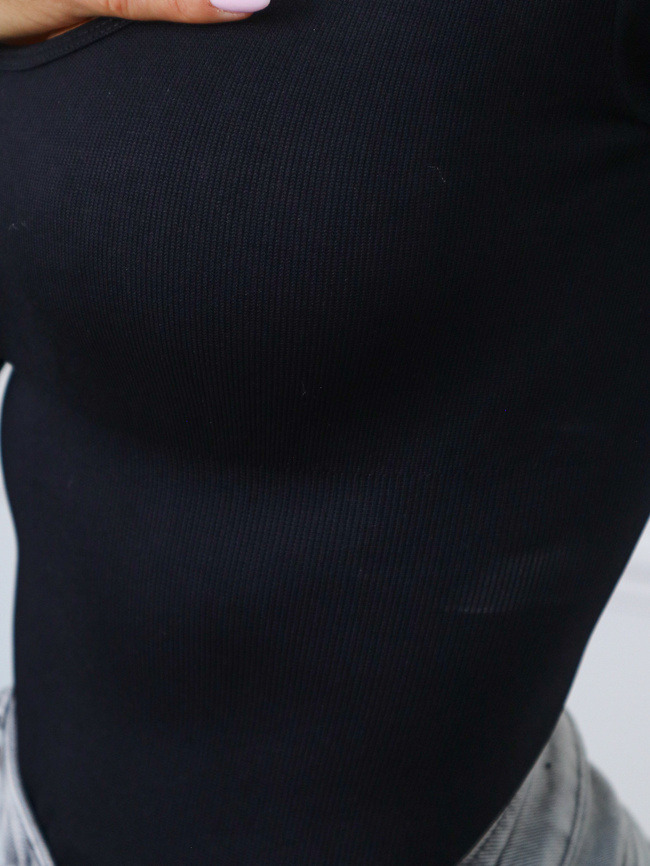 BODY MODELUJĄCE NA DŁUGI RĘKAW- CZARNE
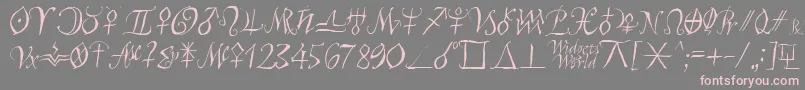 Шрифт Astroscript – розовые шрифты на сером фоне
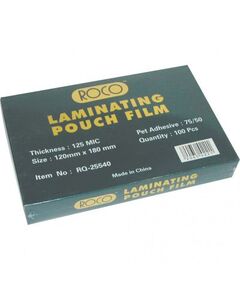 Liminater, ROCO, Thermal Laminating Films, 125 Micron, (120 × 180 mm),Clear, 100 PC/Pack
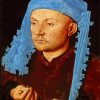 Portrait Of A Man With Blue Chaperon paint by numbers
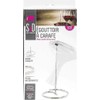 Saveur et Degustation KV7083 Silver Decanter Dryer - 16.8 x 16.8 x 32.2cm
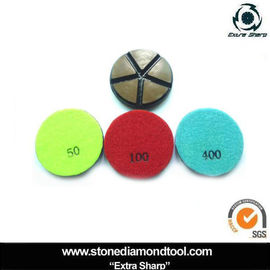 3 &quot;80mm Ceramic Resin Obligasi Diamond Grinding Disc Batu Lantai Poles Pads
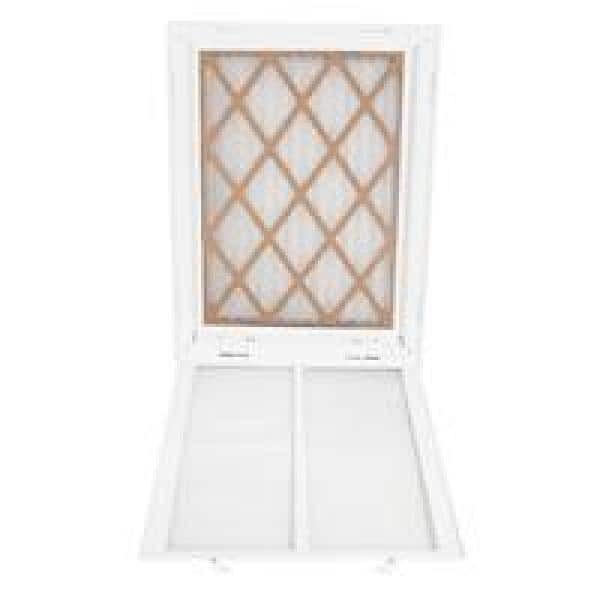14 in x 20 in Steel Return Air Filter Grille Vent Cover HVAC Register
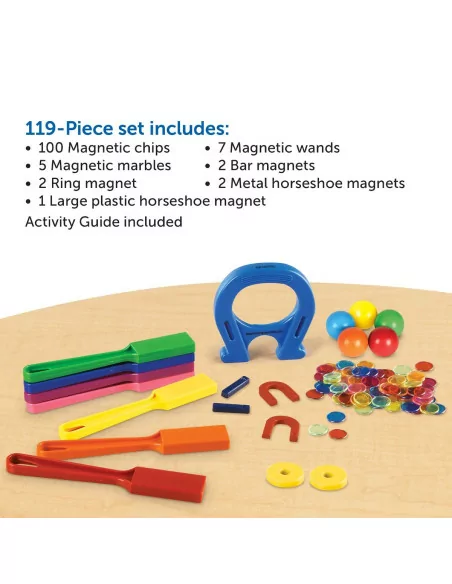 Magnetyczny zestaw naukowy dla dzieci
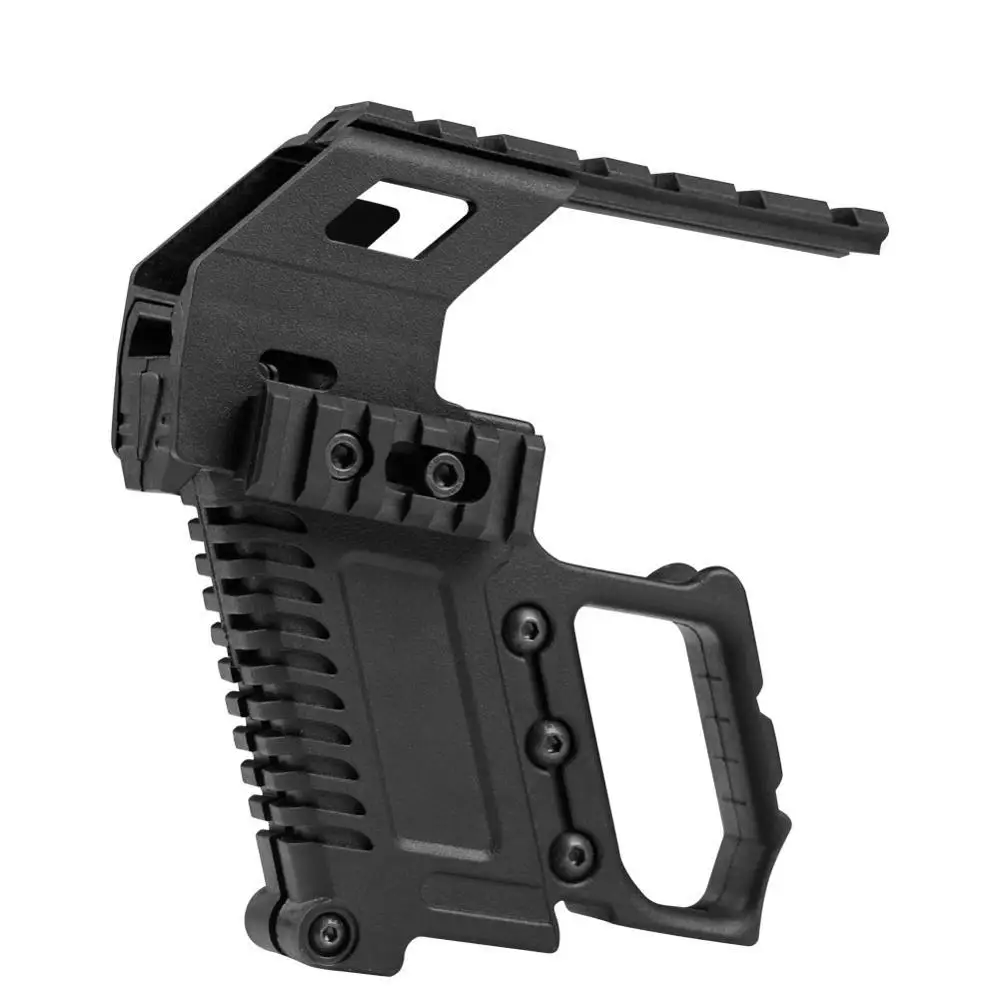 Актический пистолет карабин набор Глок серии база для рейки загрузочное устройство для Глок G17 18 19 пистолет рельс аксессуары для горной охоты - Color: Black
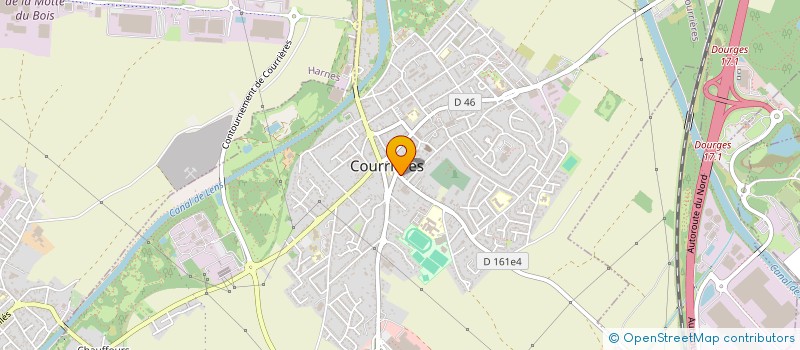localisation de l'entreprise MERCI à COURRIERES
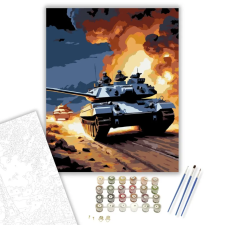 Számfestő.hu Éjszakai Tank Akció - számfestő készlet – 50×60 cm (Keret nélkül) kreatív és készségfejlesztő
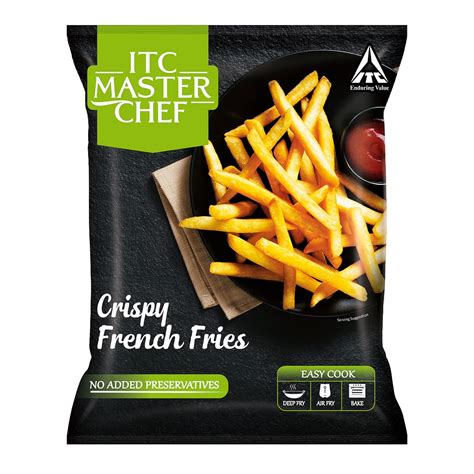 ITC MASTER CHEF Crispy French Fries, Veg Frozen Snack, Ready to Cook ...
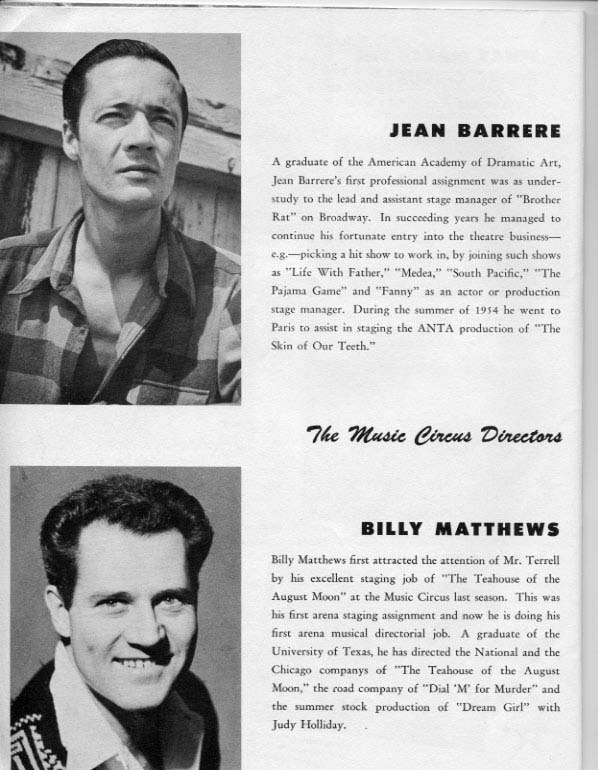 1957 Music Circus Season Souvenir Program, page 7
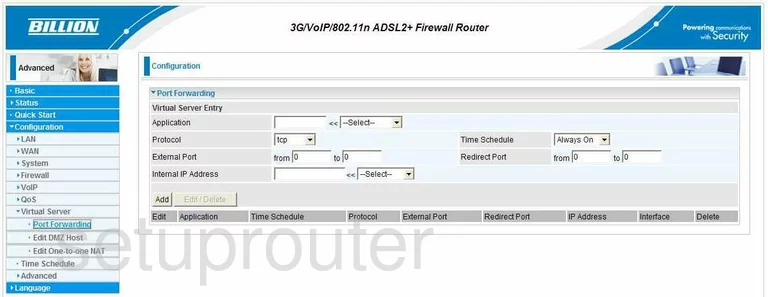 port forwarding nat screenshot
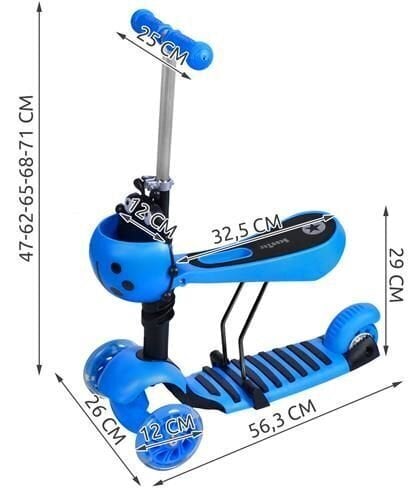Skrejritenis 3 in 1 Scooter, oranžs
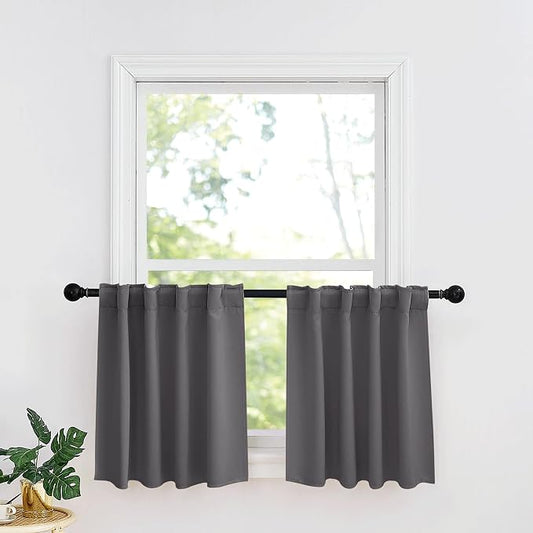RYB HOME Small Window Curtains by RYBHOME
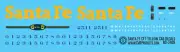 N Scale - Santa Fe CF7 Yellow Cab Scheme Decals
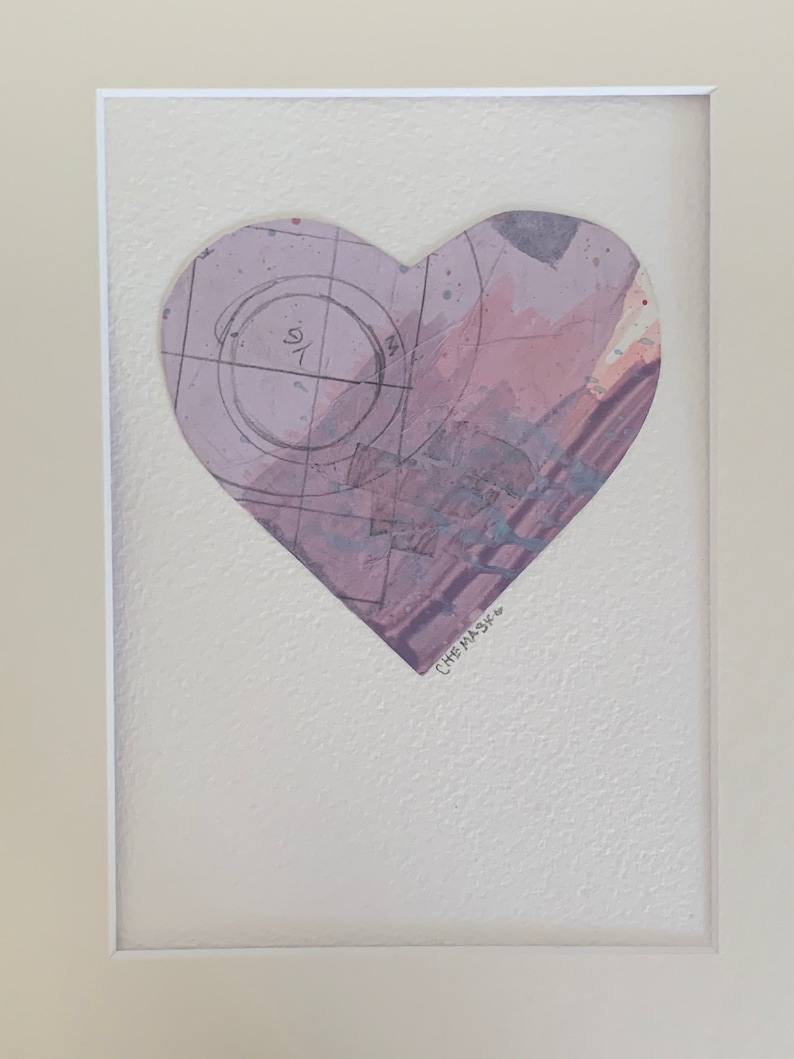 anniversary gift 5x7 matted to 8x10 unconditional love Show Love With No Remorse #1 Love art mixed media heart wedding gift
◇ ◇ ◇
Could you transcribe exactly the lines from the start of the records through the line containing "Portrait Of A", both ends included, leaving the pictures out?

Solved problem>
 BODY MODELUJĄCE NA DŁUGI RĘKAW- CZARNE
 Шрифт Astroscript – розовые шрифты на сером фоне
 Liminater, ROCO, Thermal Laminating Films, 125 Micron, (120 × 180 mm),Clear, 100 PC/Pack
 Portrait Of A Man With Blue Chaperon paint by numbers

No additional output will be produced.